Dangling Ends of Third Strand and Duplex Drive Nucleic Acid Triplex Stabilization through Bimodal Association

Nucleic acid triplexes are crucial structural motifs in gene regulation and biotechnology, yet the kinetic principles governing their formation remain poorly understood. While a stability hierarchy of RNA·DNA-DNA > DNA·DNA-DNA > RNA·RNA-RNA, with no DNA·RNA-RNA triplex forming, is known, the kinetic roles of terminal residues remain poorly understood. Here, we employ bio-layer interferometry (BLI) and circular dichroism (CD) spectroscopy to demonstrate that dangling ends from both the third strand (triplex-forming oligonucleotide, TFO) and the duplex dramatically enhance triplex stability.

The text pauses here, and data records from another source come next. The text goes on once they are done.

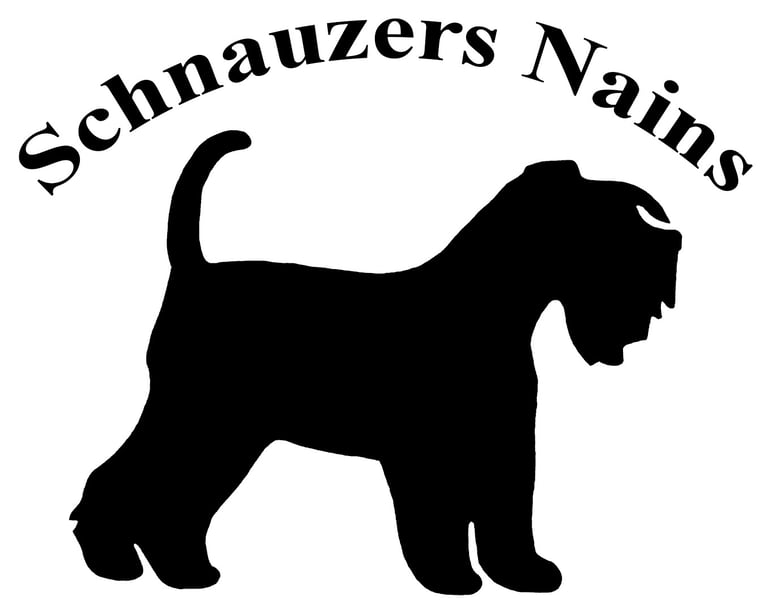 Logo d'un élevage de Schnauzer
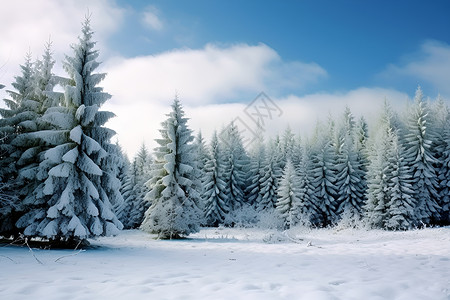 冬日蓝天与雪景背景图片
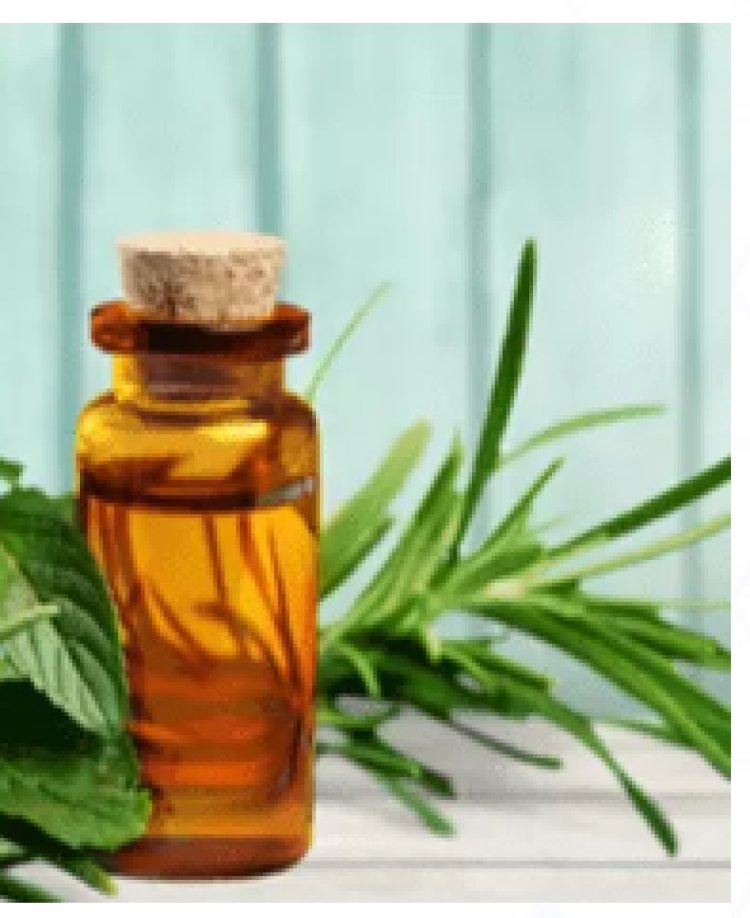 What are the benefits Of Versatile Tea Tree Oil?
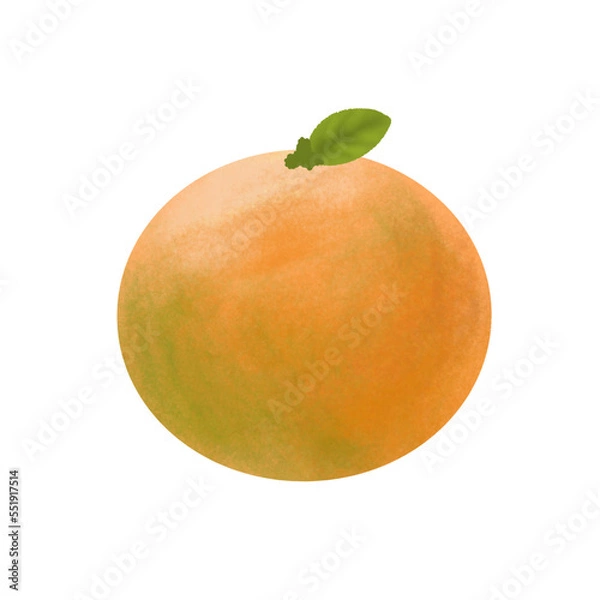 Fototapeta Orange fruit wirh leaf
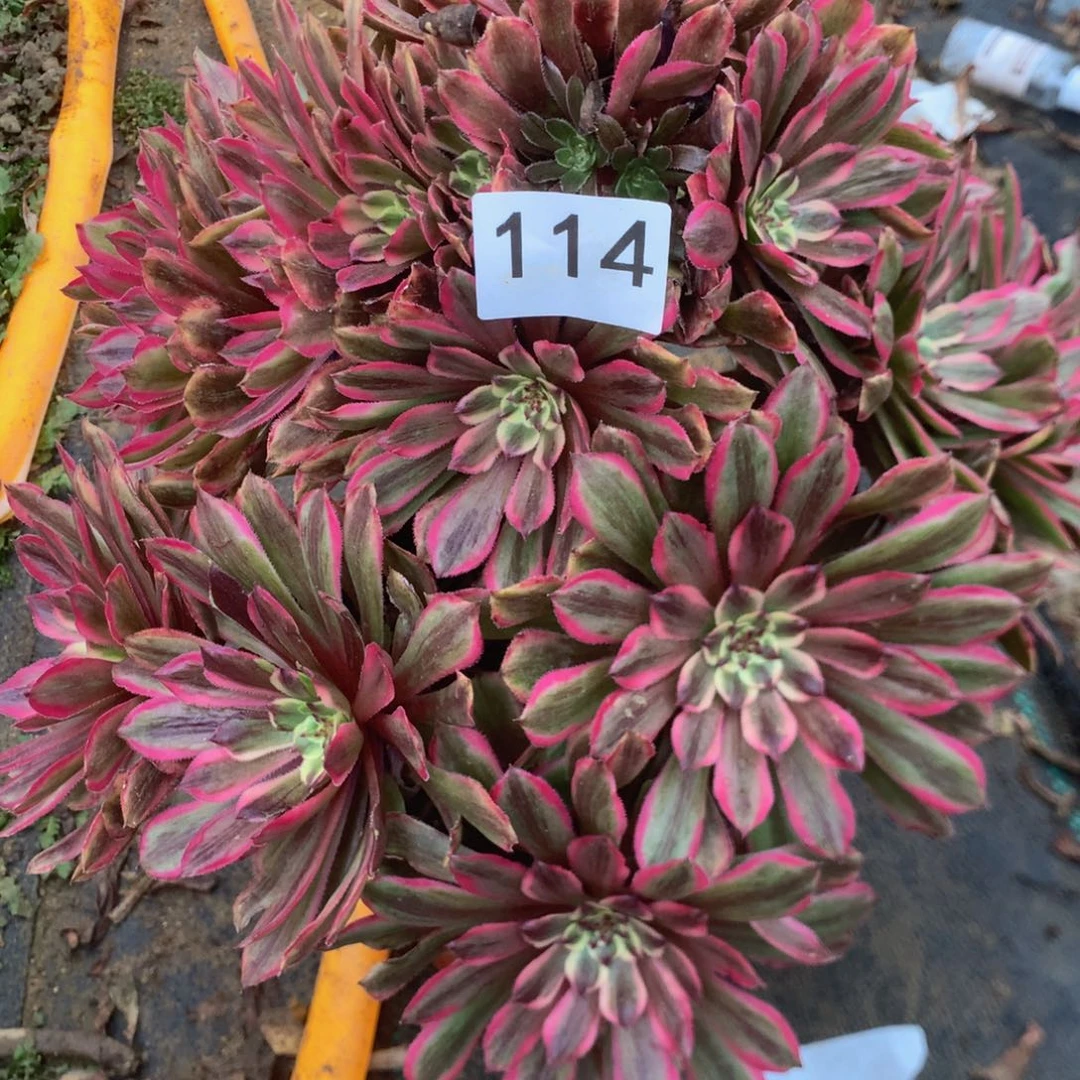 114糖果粉多肉植物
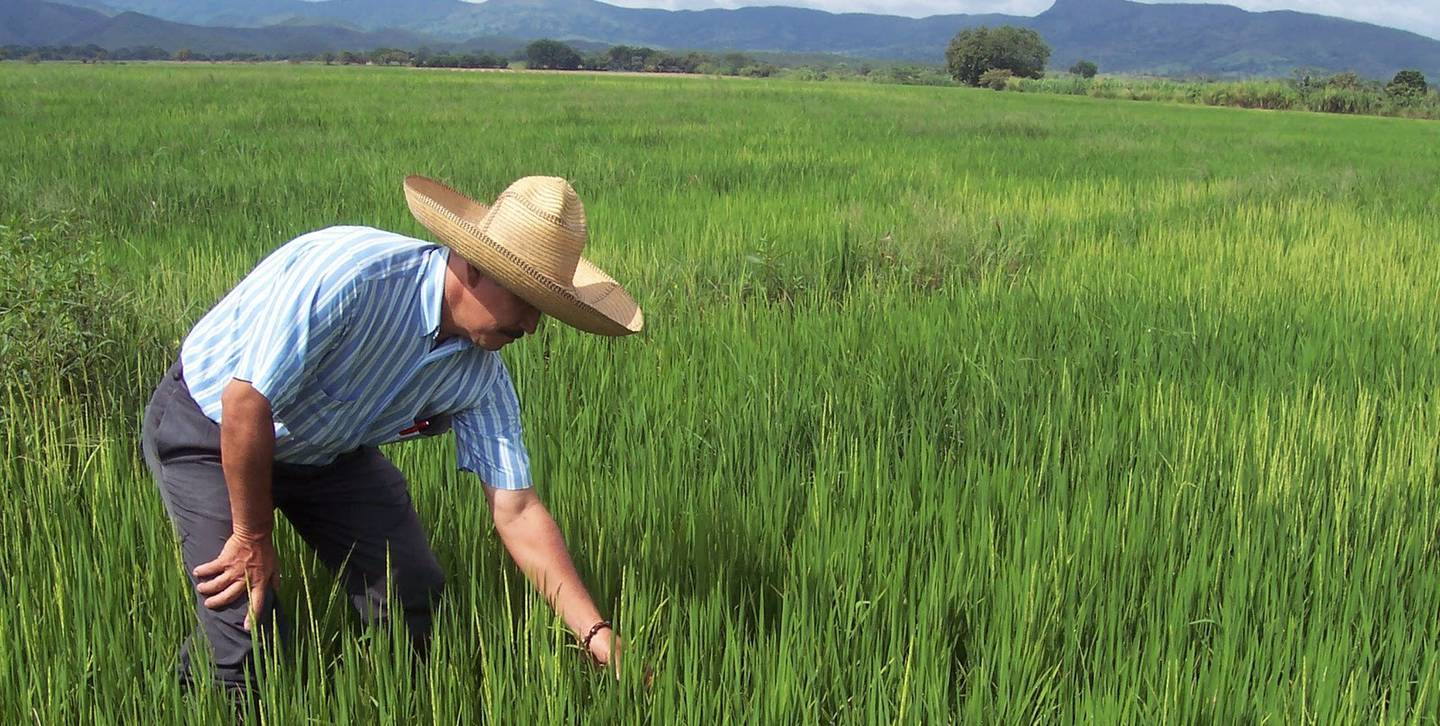Una de las medidas que se oficializará en los próximos días es un apoyo económico directo para productores que adquieran fertilizantes de cara a la campaña agrícola 2022-2023.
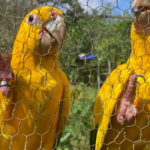 Captura e domesticação colocam animais silvestres em risco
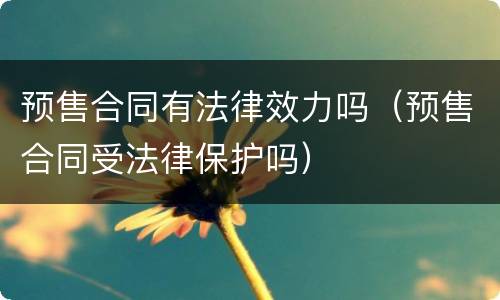 预售合同有法律效力吗（预售合同受法律保护吗）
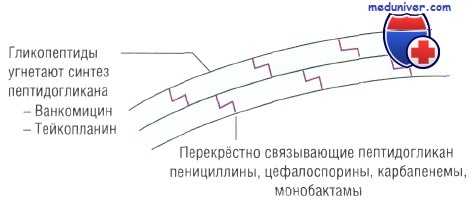 выбор антибиотика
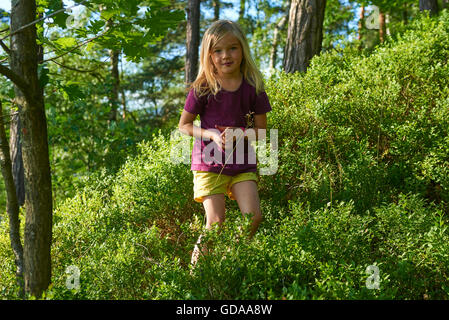 Kind blondes Mädchen Kommissionierung frischen Beeren auf Heidelbeere Feld im Wald. Kind abholen Blaue Beeren im Wald. Kleine Mädchen spielen Stockfoto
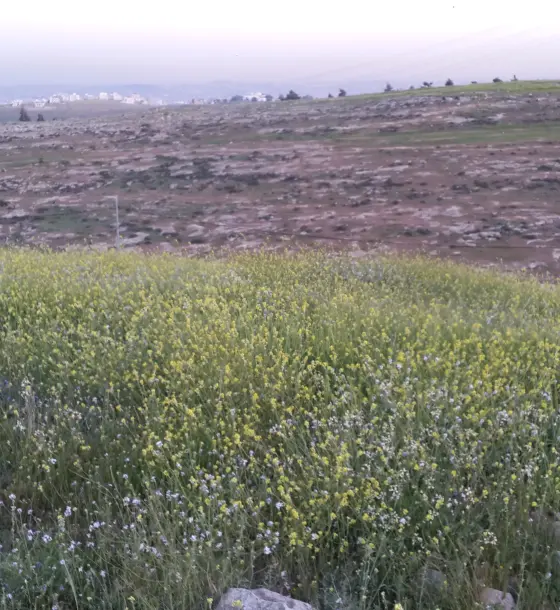 في حوض المكيمين بشفا بدران أرض 608 م² على شارعين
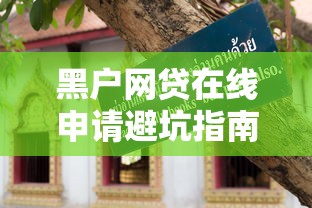 黑户网贷在线申请避坑指南：5个秒懂技巧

Kinetic analysis reveals this stabilization is primarily driven by a marked increase in the association rate (kₒₙ). Crucially, creating a single-base-pair dangling end at either terminus of the duplex enhanced triplex stability more effectively than blunt ends. For example, DNA TFO dTFO5 binding to d(HP5+TA) was enhanced compared to dHP5, and similarly RNA TFO rTFO5 binding to RNA duplex r(HP5+UA) and DNA duplex d(HP5+TA) showed stronger affinity and faster association than to blunt-ended rHP5 and dHP5. Interestingly, removal of a terminal base pair from the blunt-end duplex, generating a TFO dangling end, also enhances binding affinity and association rate. This indicates that both duplex and TFO dangling ends provide critical nucleation platforms, while blunt-ended terminal triples are dynamic and contribute minimally to stability. Thus, our work establishes that optimal triplex formation requires strategic optimization of both TFO and duplex terminal structures through a fundamental kinetic principle (bimodal nucleation).